The Moral Psychology of Anger by Unknown

The Moral Psychology of Anger by Unknown

Author:Unknown
Language: eng
Format: epub
ISBN: 9781786600776
Publisher: National Book Network International


RESPONDING TO THE CHARGE OF INCOHERENCE

Nussbaum’s initial complaint is explicitly about blaming anger, claiming that it is incoherent, as it conceptually involves a wish for payback or, more precisely, involves “a retributive and hopeful outward movement that seeks the pain of the offender because of and as a way of compensating for one’s own damage” (Nussbaum 2015: 47). This is obviously magical thinking, however, as getting the offender back won’t assuage or compensate for the lost value. Consequently, we should give up this form of anger as a leftover from a more intellectually unsophisticated time.

One might well think, however, that fitting anger doesn’t aim at rectifying damage. Rather, it could aim, as Aristotle suggested, at restoring one’s (moral) status, which the offender downgraded. On this view, when the injured party angrily retaliates against the offender, the moral balance has been restored, or at least the positions have been reversed. And that doesn’t seem magical or incoherent at all.

Nussbaum considers this possibility, but she rejects it as well, this time on moral grounds, as it expresses an objectionable sort of narcissism, a fussy focus on one’s own vulnerability and relative status. And if that is the aim when we are angry at those who hurt our friends, then its focus on the downgrading to ourselves is certainly misplaced.

There remains, for Nussbaum, only one possible rational aim of anger, and that is an utterly forward-looking utilitarian aim: to assess what can be done in light of the offense that would be most helpful for all affected parties. This could include punishing the offender but with an ameliorative, not retaliatory, end in mind (Nussbaum 2015: 50).

I will take up Nussbaum’s (and others’) moral objections to anger in the next section, but for now, there is a response worth making to her view about the three possible aims of blaming anger. None of these is quite right. To see what its actual aim is, we need to think about its successful resolution.

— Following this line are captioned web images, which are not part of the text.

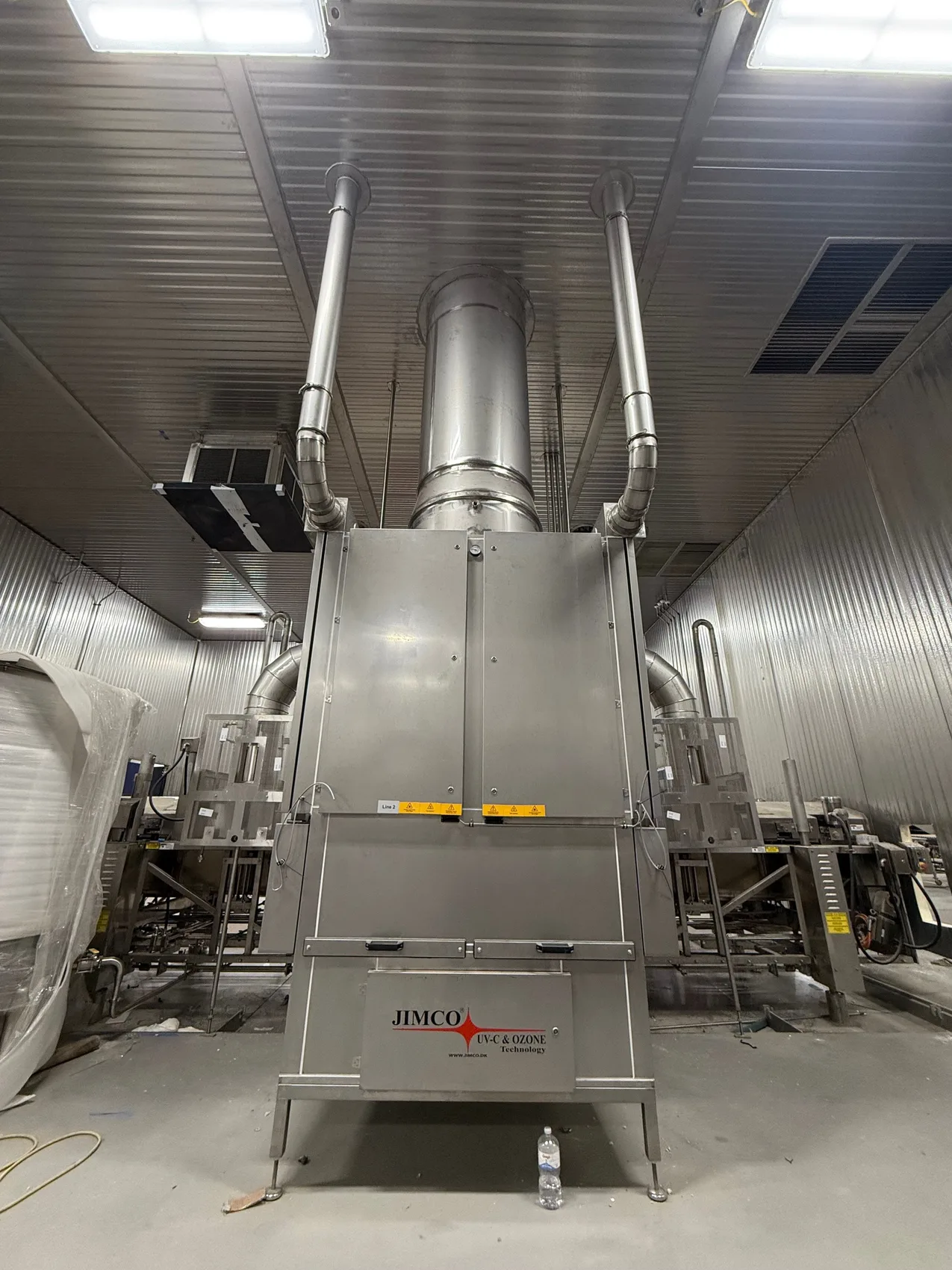 Food-processing room with stainless fryer lines and looping overhead stainless exhaust ductwork by Sons of Thunder Welding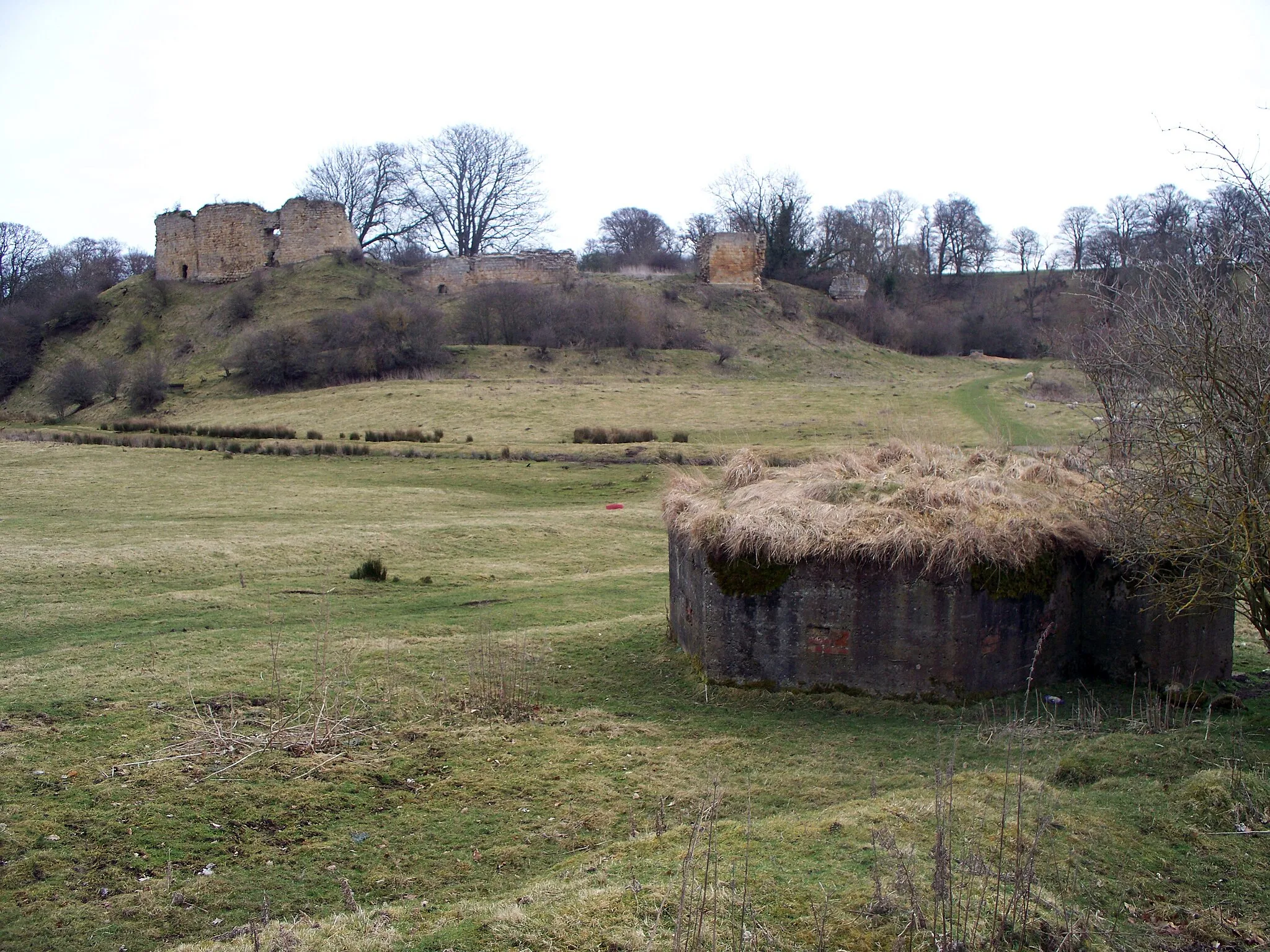Photo showing: A WWII Pillbox in the foreground, Mitford Castle in the background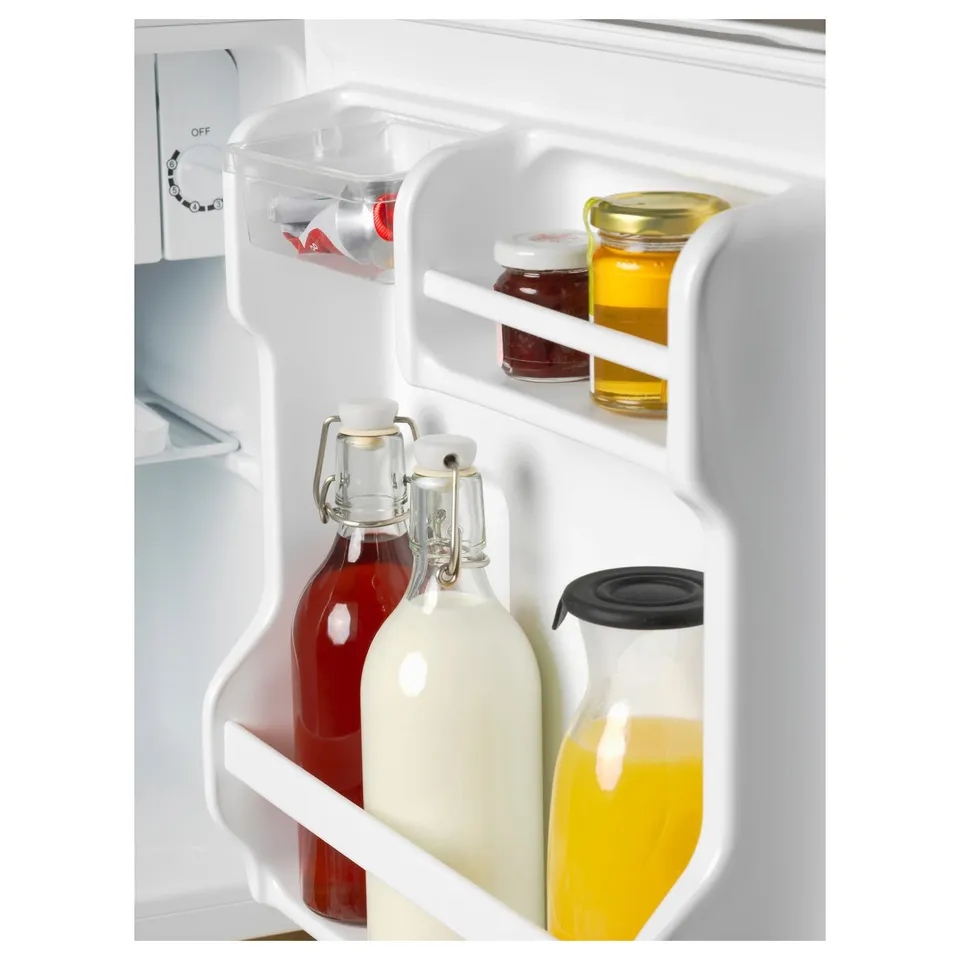 Bottles stored in refrigerator door with white shelves.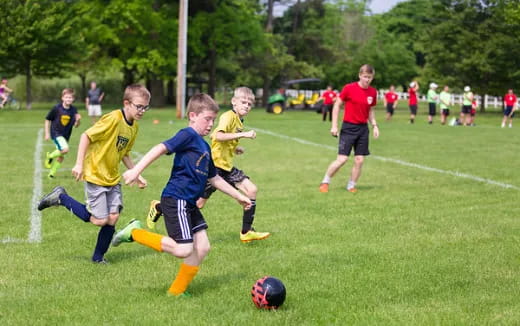a group of kids playing football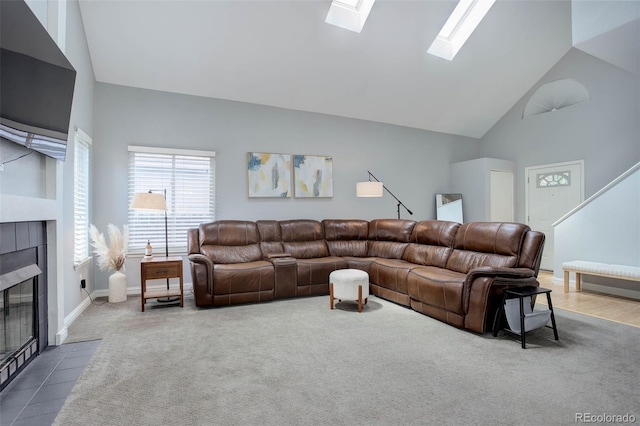 living room with high vaulted ceiling, a skylight, a tiled fireplace, and dark carpet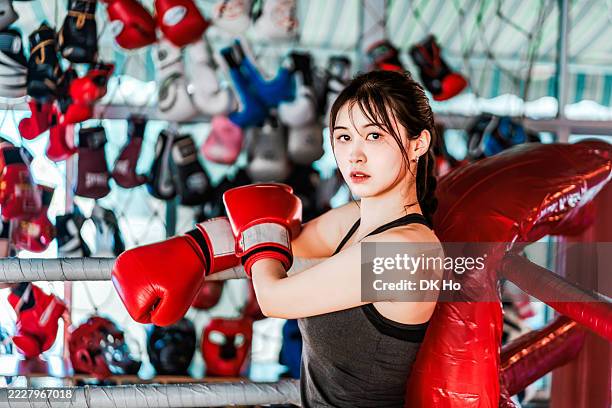 woman resting with boxing gloves in boxing gym - womens boxing stock pictures, royalty-free photos & images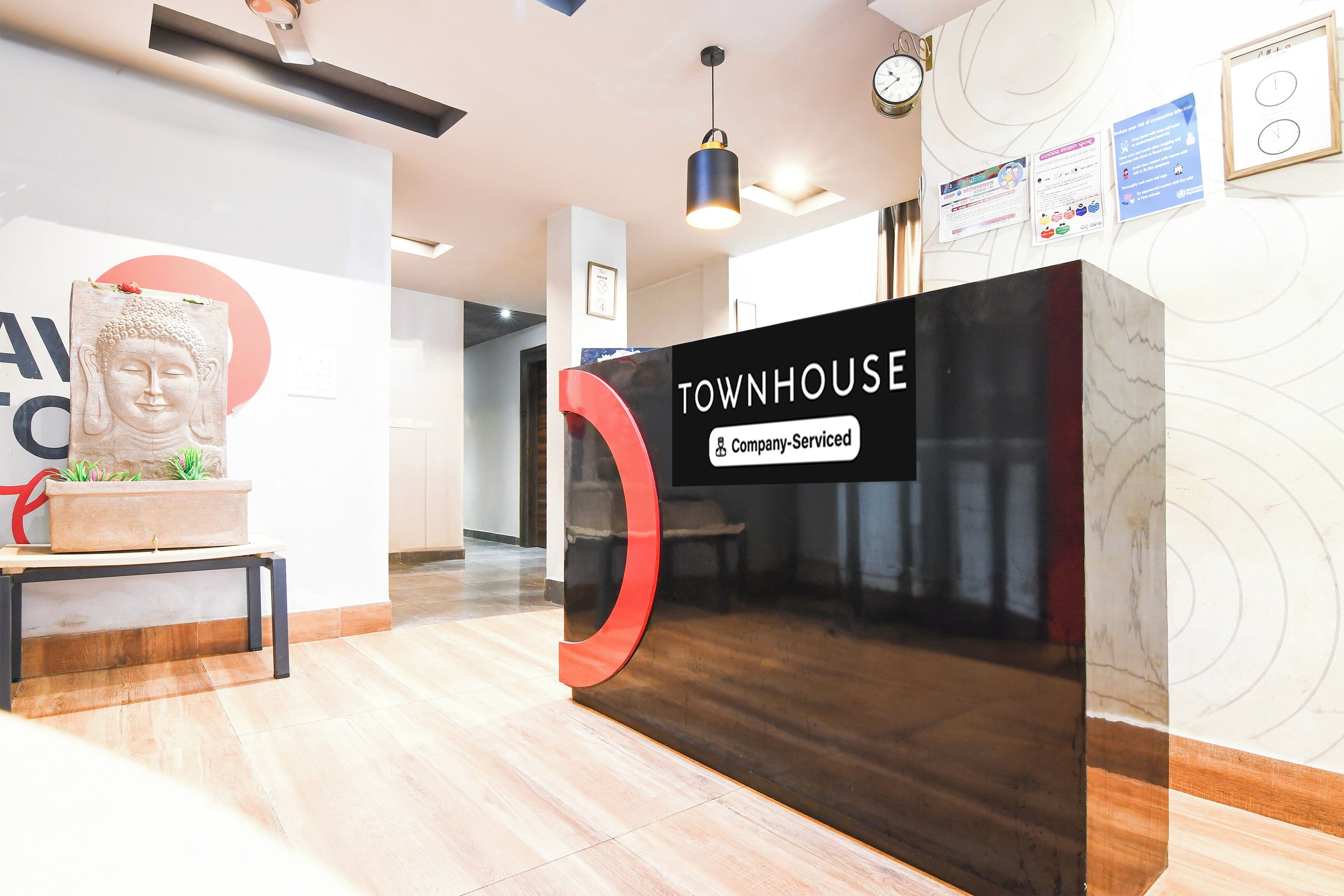 A reception desk with a sign that reads 'TOWNHOUSE & Company Serviced'.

I have spoken thus far only about the action tendency of blaming anger, which aims to communicate itself. But what does it aim to communicate? To see what it is, consider cases in which my fitting blaming anger at you becomes unfitting. Sometimes this occurs when you have done everything we could reasonably ask of you in response to injuring me. In such a case, my forgiveness is appropriate; I no longer have reasons of fit to feel blaming anger at you. What precisely do you have to do to successfully render my blaming anger no longer fitting in this way?

In the empirical psychological literature, there are several items that people cite that successfully effect forgiveness, including the offender’s making amends or admitting fault (see Schmitt et al. 2004; Zechmeister et al. 2004; Dill and Darwall 2014: 51). But by far the best predictor of forgiveness is sincerely expressed remorse (Davis and Gold 2011: 392). This is a ruminative emotion, its action tendency being to think over and over again, usually in a pained way, about the loss of or damage to a value that one caused (Thomas 1999: 130).